Digital Humanities and Scholarly Research Trends in the Asia-Pacific (IGI Global)

Proposals Submission Deadline: November 15, 2017
Full Chapters Due: March 31, 2018
Submission Date: August 31, 2018

Introduction
Digital Humanities (DH) is a dynamic and emerging field that aspires to enhance traditional research and scholarship through digital media. DH first came on the scene as “humanities computing” in 1949, when Father Roberto Busa and IBM formed a partnership to develop an electronically-compiled St. Thomas of Aquinas concordance. In the mid-1970s, DH started gaining traction in the United Kingdom and then spread to Europe and the United States. DH has developed into a global movement over the past decade, and has evolved in more complex directions. Now, digital scholarship is not restricted to humanities scholarship or limited to one field. It is multidisciplinary and a highly collaborative area. It draws contributors from many backgrounds, but is still situated upon a solid academic base.

Objective
Although academia around the globe is witnessing the widespread adoption of Digital Humanities, only a small portion of the literature discusses its development in the Asia Pacific. A recent authorship study conducted by the editor shows that only 11.6 and 2.96 percent of authors or co-authors published in the five most well-known DH journals were based in Asia and Oceania respectively (Wong, 2016).

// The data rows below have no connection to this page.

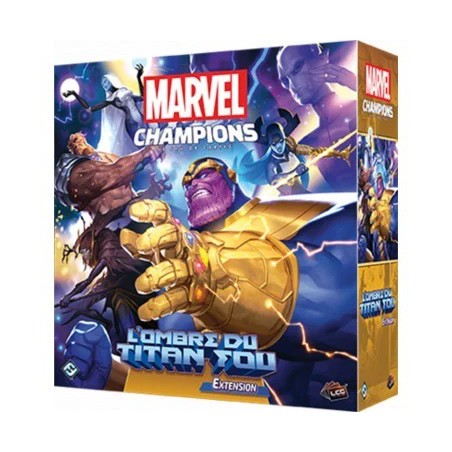 Marvel Champions : L'Ombre du Titan Fou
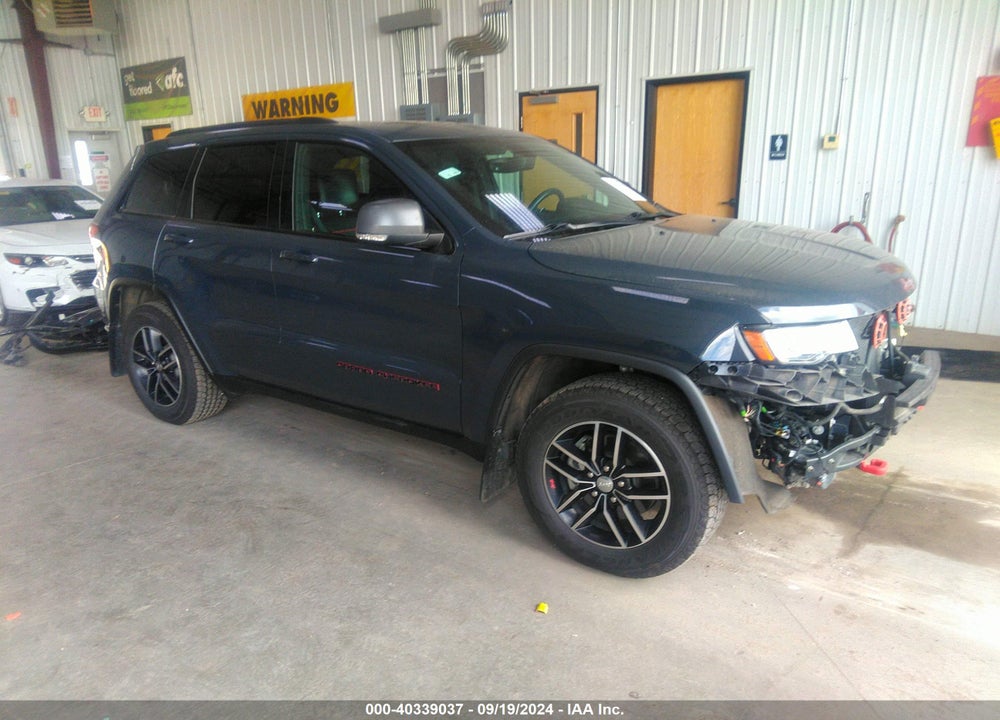 2017 CHEROKEE JEEP GRAND  TRAILHAWK 4X4 VIN: 1C4RJFLG3HC842647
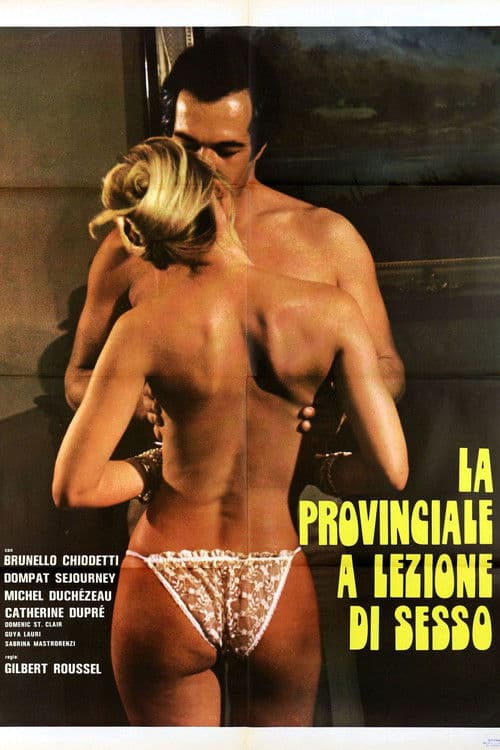 Poster for La provinciale a lezione di sesso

There is no doubt that Europe and the United States have maintained their preeminence in Digital Humanities, but DH development in the Asia Pacific has also made important and rapid progress. These advances have caught both the attention of academics and governmental agencies, and have fostered dynamic discussions in the region, leading to vast numbers of valuable, and often region-specific, digital initiatives facilitating academic exchange and preserving cultural heritage.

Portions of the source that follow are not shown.